Este é um problema do sistema moderno, mas convenhamos que é um mal menor se comparado à lei de talião dos bárbaros. Pensando de forma otimista, estamos em uma fase de transição entre o péssimo e o ótimo. O péssimo é a justiça antiga da barbárie, o ótimo é a justiça futura melhorada pela tecnologia. Estamos no meio, numa justiça da papelada, das pilhas de processos que sobrecarregam o sistema.
A tecnologia trouxe terrores à humanidade, mas no balanço geral ela sempre fez mais bem do que mal. Os avanços tecnológicos melhoraram as condições de vida das populações, geraram riqueza, facilitaram o acesso a bens e serviços, ampliaram a comunicação e a difusão de informação, etc, etc.
Logo, gosto de pensar que os softwares vão cada vez mais ajudar policiais, juízes, promotores e advogados a agilizar seu trabalho, processando em dias ou horas uma quantidade de dados, analisando evidências e consultando leis em um volume que um ser humano levaria anos para processar. A papelada vai acabar um dia.
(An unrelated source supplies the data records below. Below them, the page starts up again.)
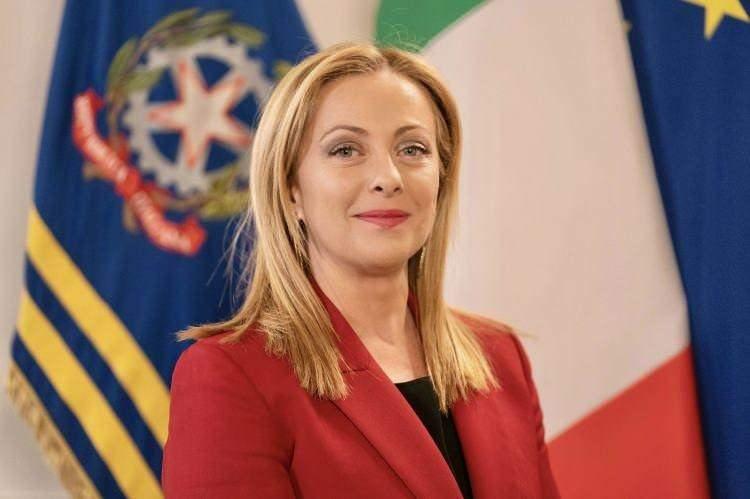 <p>Savunma İtalya'nın sorumluluğundadı</p>
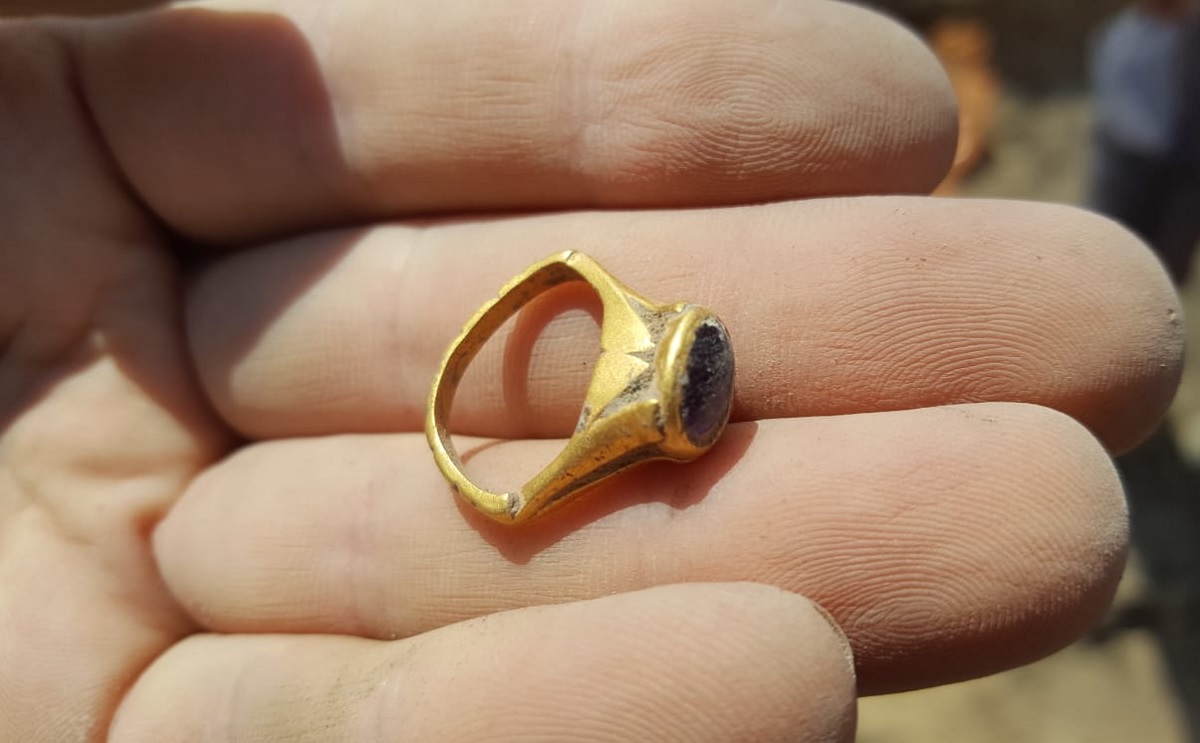 Arqueólogos encontram em Israel um anel milenar para “curar” ressaca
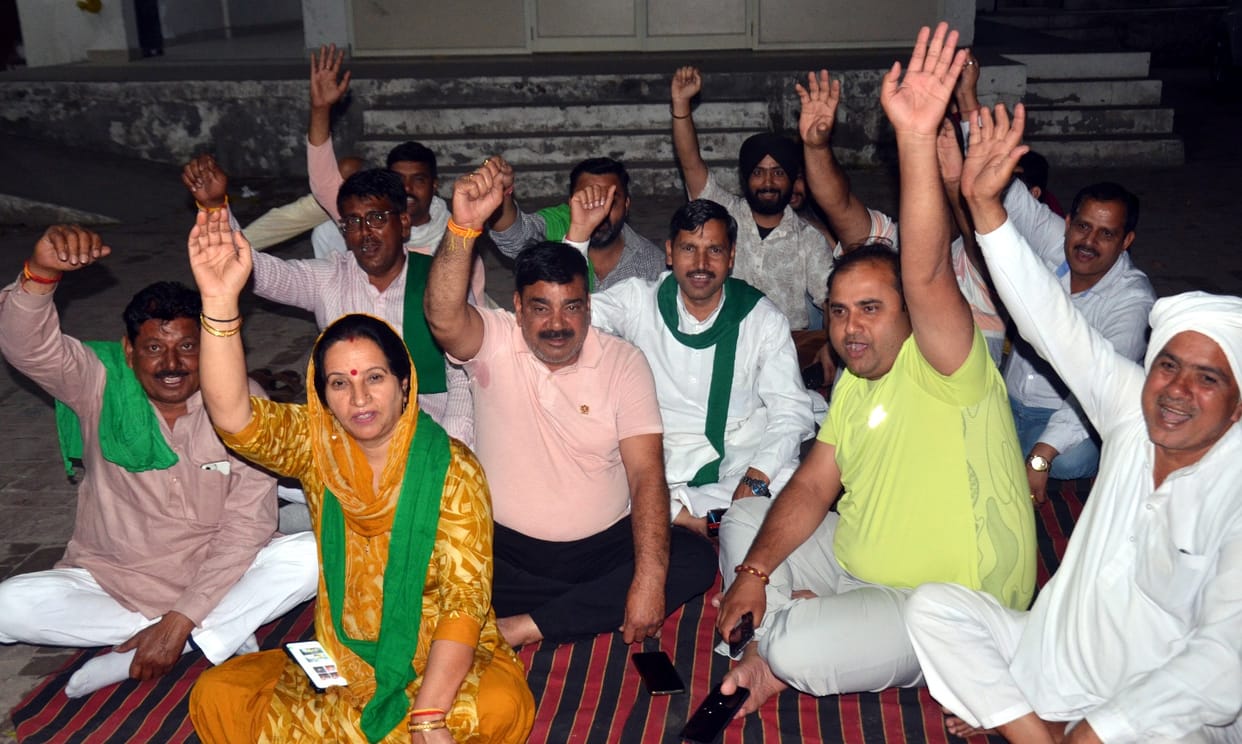 Bhakiyu workers staged a sit-in at police stations, raising slogans.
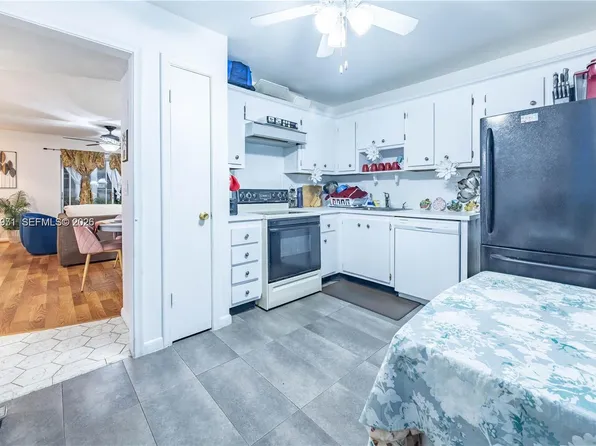 4751 NW 21st St APT 210, Lauderhill, FL 33313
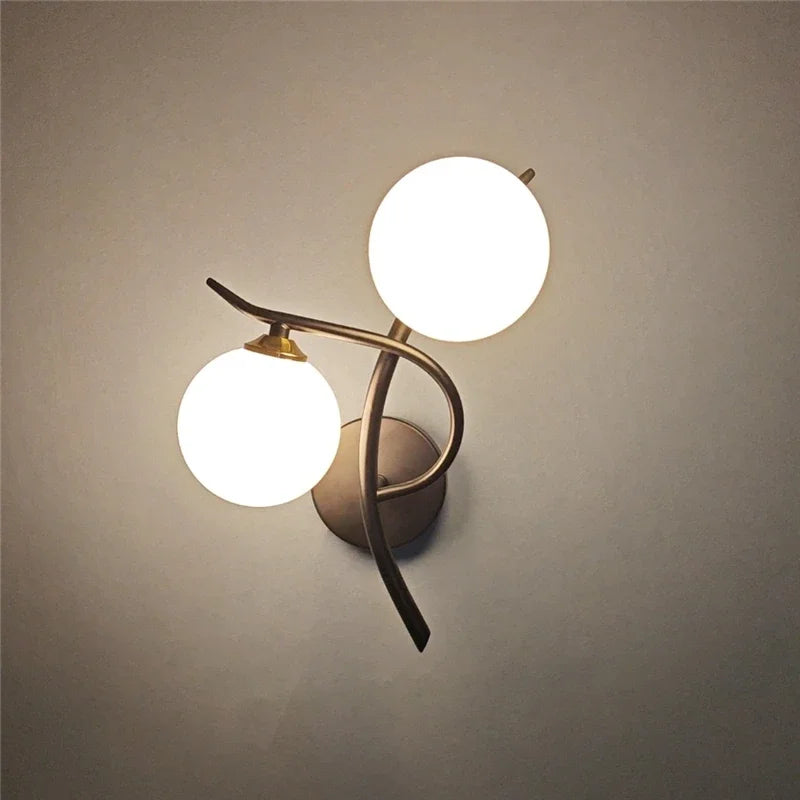Moderne Glazen Bol Wandlamp met Gouden Afwerking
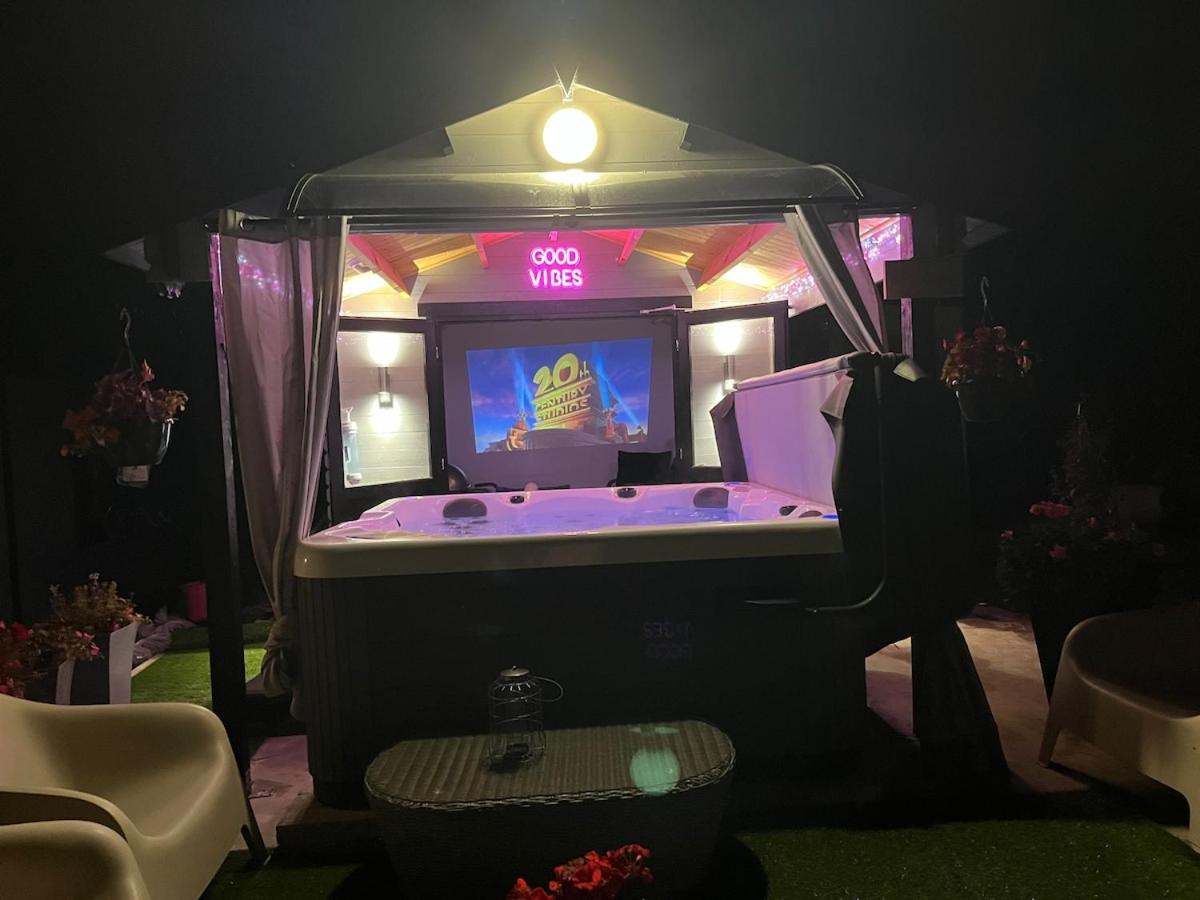 Sunset Retreat Cabin, Private Hot Tub with Mini Cinema Projector & Garden views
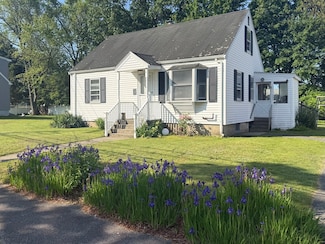 161 Gay St, Norwood, MA 02062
Esta é a boa notícia.
A má notícia é que a tecnologia também aumentará a vigilância sobre todos, chegando a um nível invasivo (como já é) e contaminando a presunção de inocência com um estado de constante suspeita sobre tudo e todos. Eis o Big Brother, olhando todos, vigiando todos, o que pode criar um sentimento de que temos um vigia a nos olhar perpetuamente, o que é no mínimo desagradável, leva as pessoas a viver sob o medo do olho onipotente, uma espécie de tecno-teocracia.
A barbárie, então, pode existir também em uma sociedade tecnologicamente avançada. Uma barbárie que usa a tecnologia como ferramenta é um risco, é o que a ficção científica distópica constantemente nos alerta. Devemos ficar atentos sempre que a sociedade começe a flertar com o retorno da barbárie, ainda mais quando vem fortalecida pela tecnologia.